The actor or task with ID ... cannot be scheduled right now

Hello, I recently updated Ray to the latest daily to check new deployment API and no longer can start any tasks using either deployment or old-style API.

Windows, empty new conda env:

pip install https://s3-us-west-2.amazonaws.com/ray-wheels/latest/ray-2.0.0.dev0-cp38-cp38-win_amd64.whl
pip install “ray[serve]” # don’t think this matters, tested without too

Then running the code from quick-start, hello.deploy() get’s stuck

(pid=12012) 2021-05-08 15:52:36,800     INFO backend_state.py:747 -- Adding 1 replicas to backend 'Counter'.
2021-05-08 15:52:51,472 WARNING worker.py:1103 -- The actor or task with ID ffffffffffffffffaa26b4ec855fcde08ebed3c101000000 cannot be scheduled right now. It requires {CPU_group_4918ead13edfb4cdf5100dd95213288e: 1.000000} for placement, but this node only has remaining {31.000000/32.000000 CPU, 20.301649 GiB/20.301649 GiB memory, 2.000000/2.000000 GPU, 10.150825 GiB/10.150825 GiB object_store_memory, 0.980000/1.000000 node:192.168.1.212, 1.000000/1.000000 CPU_group_4918ead13edfb4cdf5100dd95213288e, 1.000000/1.000000 CPU_group_0_4918ead13edfb4cdf5100dd95213288e}
. In total there are 0 pending tasks and 1 pending actors on this node. This is likely due to all cluster resources being claimed by actors. To resolve the issue, consider creating fewer actors or increase the resources available to this Ray cluster. You can ignore this message if this Ray cluster is expected to auto-scale.
(pid=12012) 2021-05-08 15:53:06,843     WARNING backend_state.py:276 -- Replica 'Counter#TMDTrR' for backend 'Counter' has taken more than 30s to start up. This may be caused by waiting for the cluster to auto-scale or because the backend constructor is slow. Resources required: {'CPU': 1}, resources available: {'CPU': 31.0}.
(pid=12012) 2021-05-08 15:53:36,903     WARNING backend_state.py:276 -- Replica 'Counter#TMDTrR' for backend 'Counter' has taken more than 60s to start up. This may be caused by waiting for the cluster to auto-scale or because the backend constructor is slow. Resources required: {'CPU': 1}, resources available: {'CPU': 31.0}.

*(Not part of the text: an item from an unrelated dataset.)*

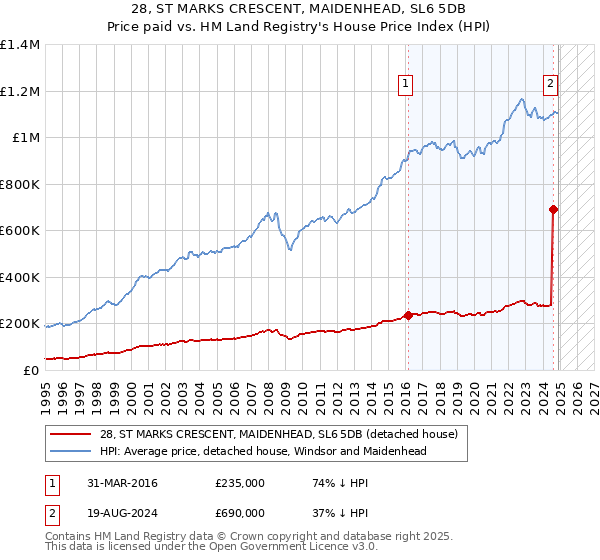 28, ST MARKS CRESCENT, MAIDENHEAD, SL6 5DB: Price paid vs HM Land Registry's House Price Index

Any suggestions on how to debug this issue? RAY_BACKEND_LOG_LEVEL=debug is not giving me any extra output.

And just to confirm this is Windows related, the latest daily for Linux/Python 3.7 works in Colab.

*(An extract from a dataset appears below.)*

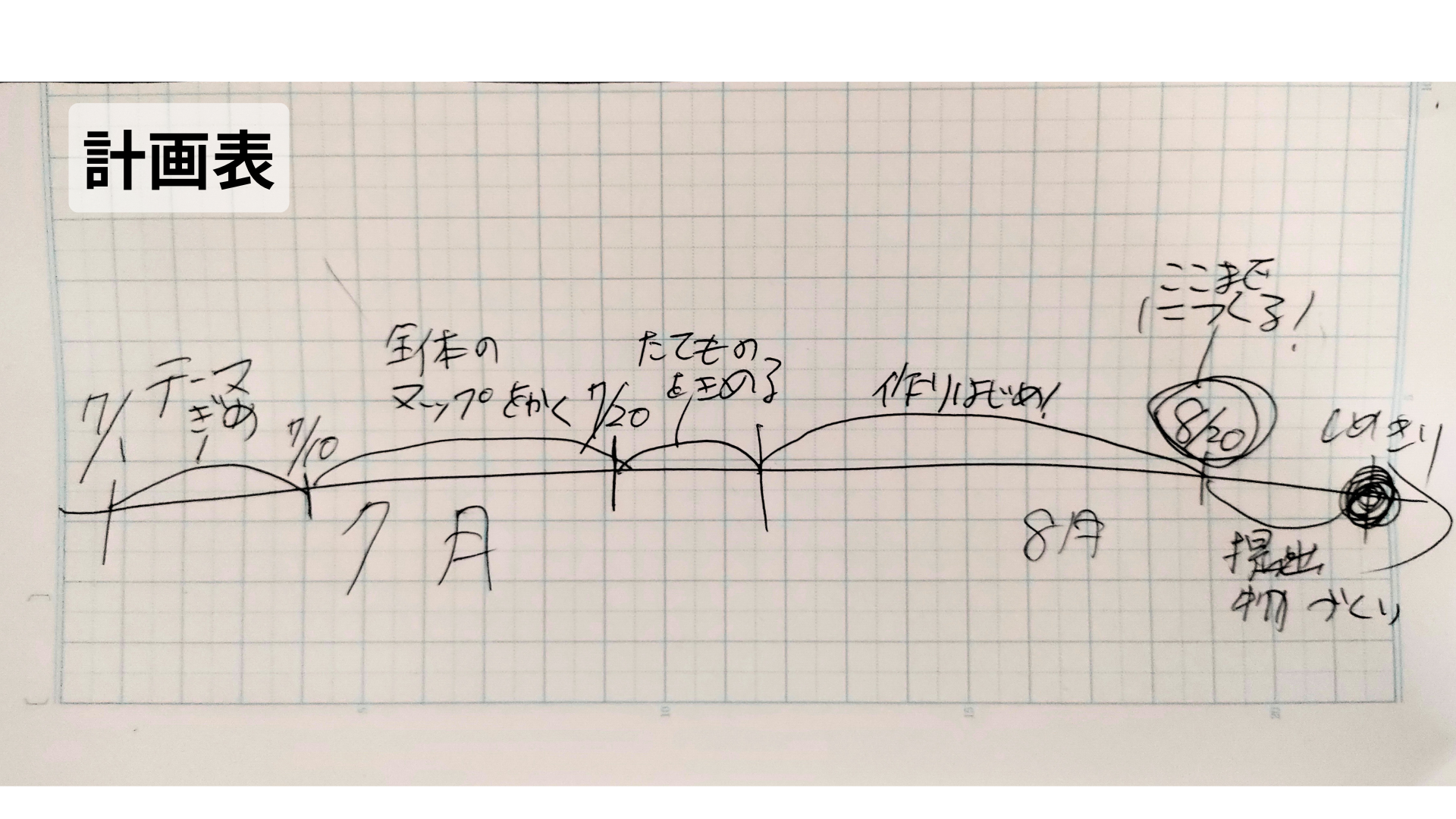 どのような計画を立てて制作をすすめていきましたか？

Seems like [Core] Add "shim process" setup_worker.py that calls "conda activate"… · ray-project/ray@b08b2c5 · GitHub is the culprit, created [serve] Broken by https://github.com/ray-project/ray/commit/b08b2c5103c634c680de31b237b2bfcceb9bc150 on Win · Issue #15703 · ray-project/ray · GitHub

Thanks so much for creating the issue and finding the offending commit! We’ll try to get this fixed very soon and improve our testing to catch things like this in the future. In the very short term, you can try not running Ray Serve in a conda environment, or you can try this patch: serve-conda-win.diff · GitHub. Dependency management using conda will still be broken but everything else should still work.

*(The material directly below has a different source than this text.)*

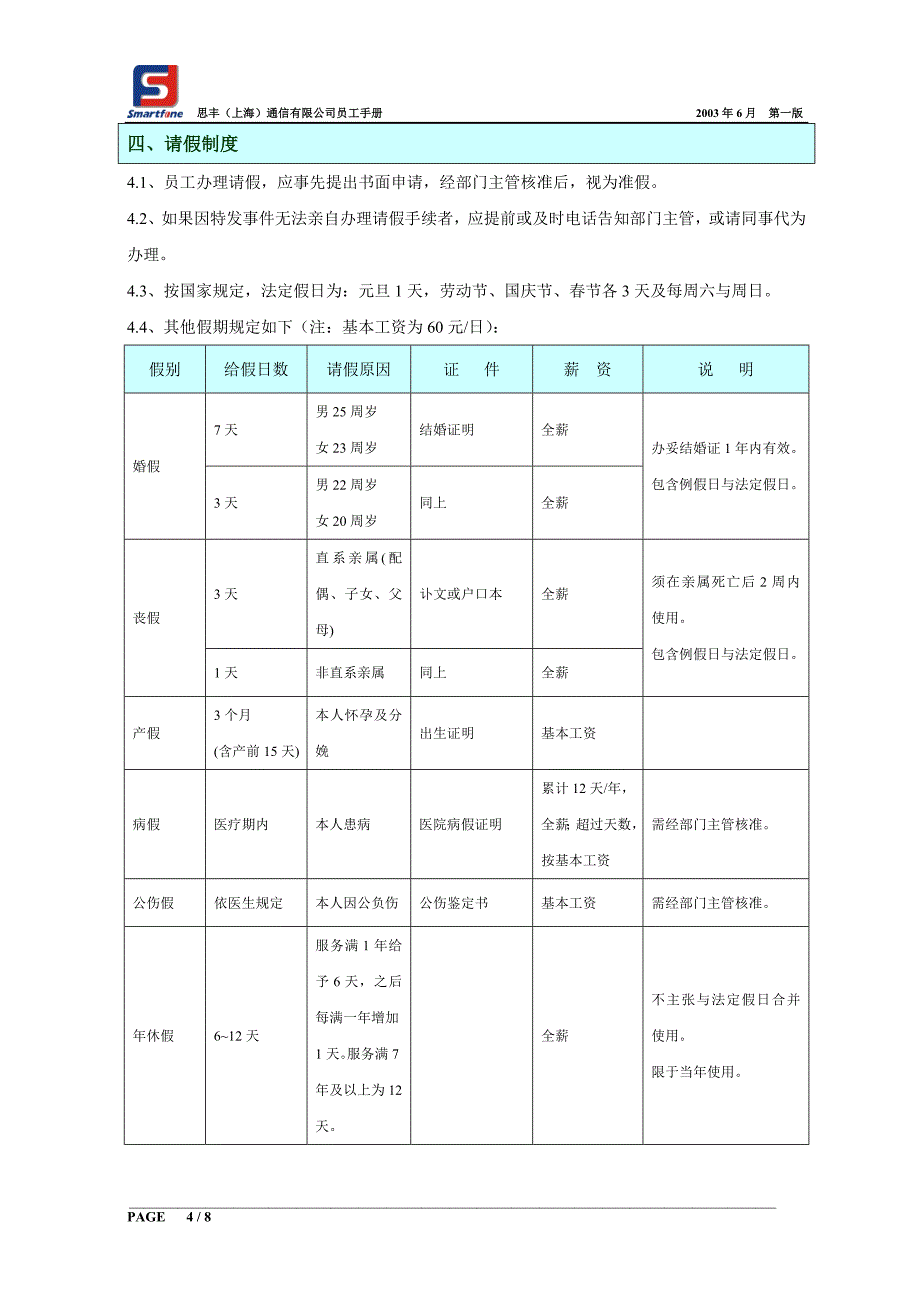 思丰员工手册_200306[1]1_第4页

No worries Archit, I rolled back to pre-breakage CL but thank you for the diff! (I am also super excited about conda support in general :slight_smile:

It looks like CI detected the breakage ([Core] Add "shim process" setup_worker.py that calls "conda activate" for runtime_env (#15361) · ray-project/ray@b08b2c5 · GitHub) but I am not sure if you block on this.

Yeah, we don’t block on this due to there being some known flaky tests. In this case the test that failed was unrelated and the test for runtime_env was reported as passing, but it turns out the Windows CI is not being run in a conda environment and therefore the runtime_env conda tests were actually being skipped.